• Problem statement:
Write out the lines below once more, exactly as they appear. Do not include pictures.

• Information supplied:

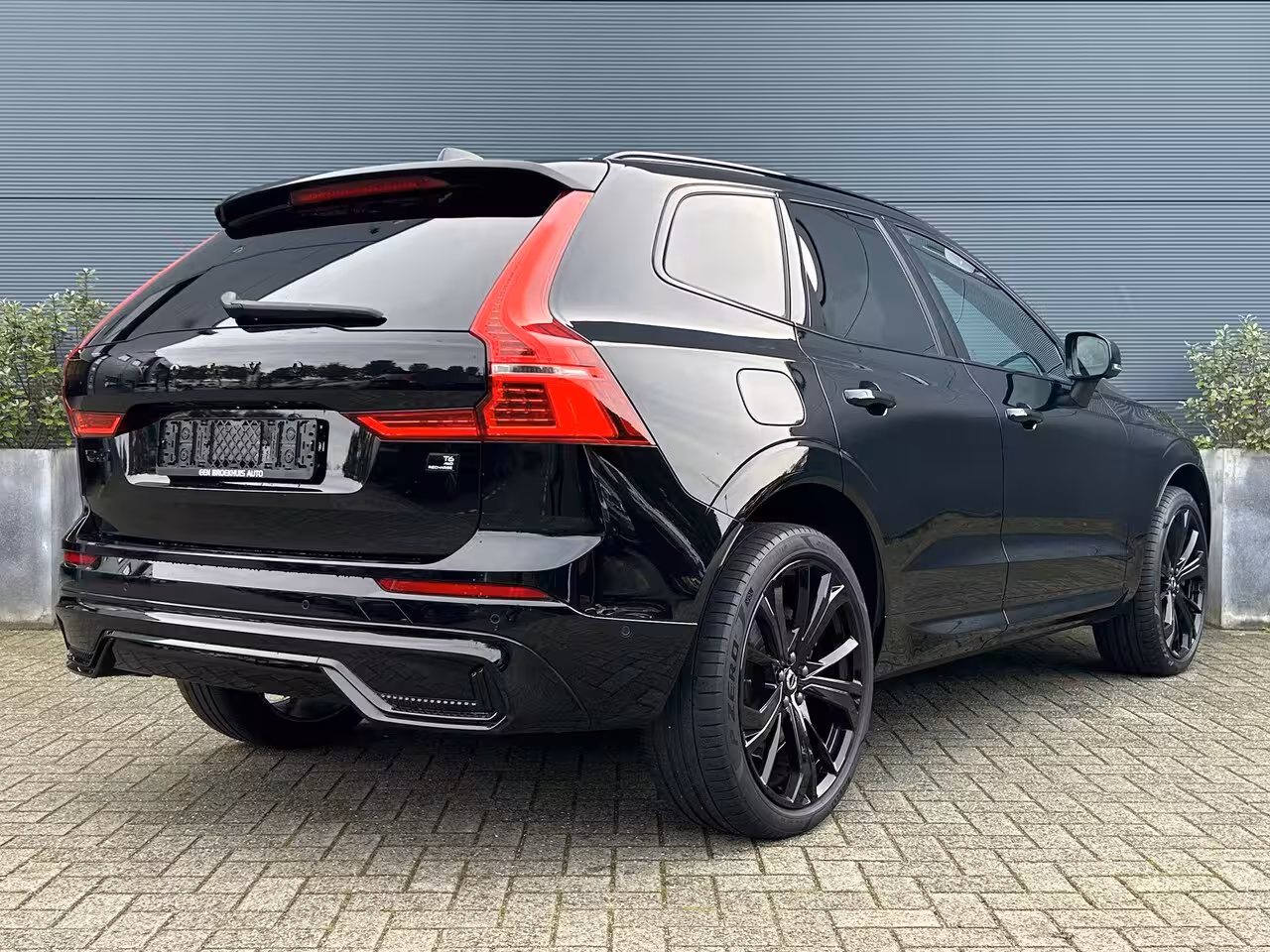 Volvo XC60 2.0 T6 Plug-in hybrid AWD Plus Black Edition | Trekhaak | SoH 96% | Harman/Kardon | Pano |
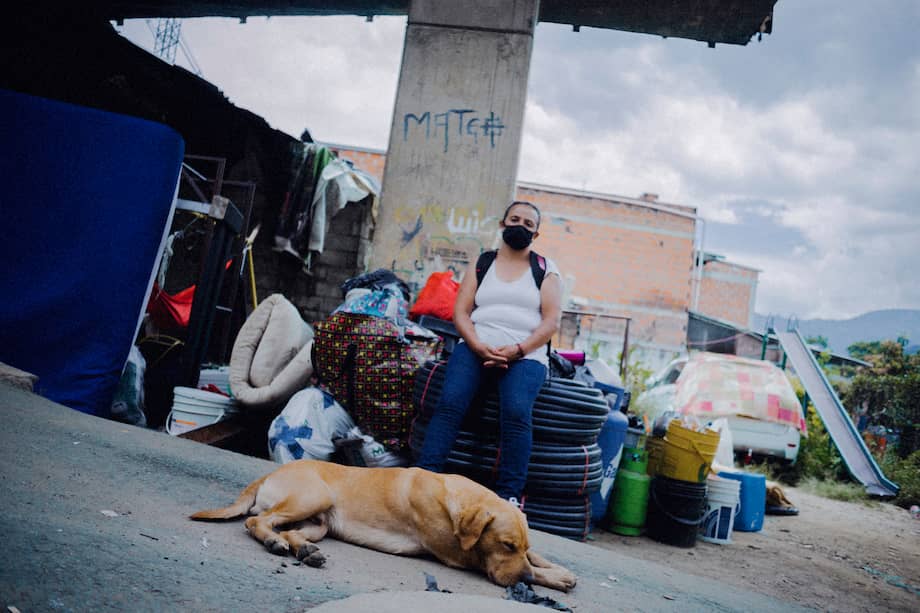 Llevaban alrededor de un mes en un lote vacío de Bello, sobre la autopista norte, a la altura del sector de Guasimalit.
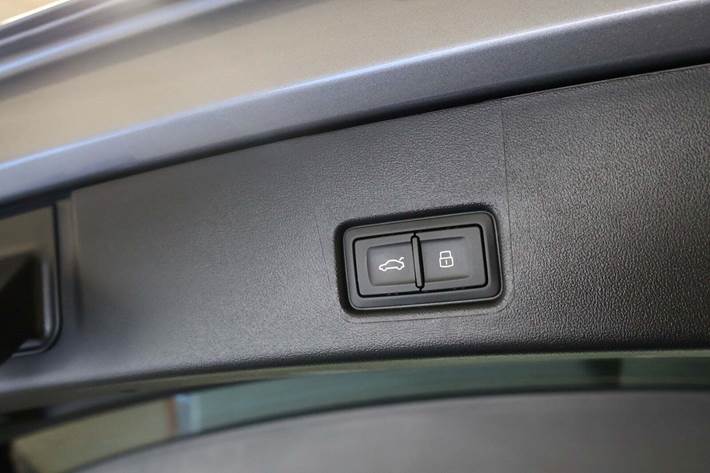 Grå Audi Q4 e-tron fra 2025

• Result for this exercise:
 Volvo XC60 2.0 T6 Plug-in hybrid AWD Plus Black Edition | Trekhaak | SoH 96% | Harman/Kardon | Pano |
 Llevaban alrededor de un mes en un lote vacío de Bello, sobre la autopista norte, a la altura del sector de Guasimalit.
 Grå Audi Q4 e-tron fra 2025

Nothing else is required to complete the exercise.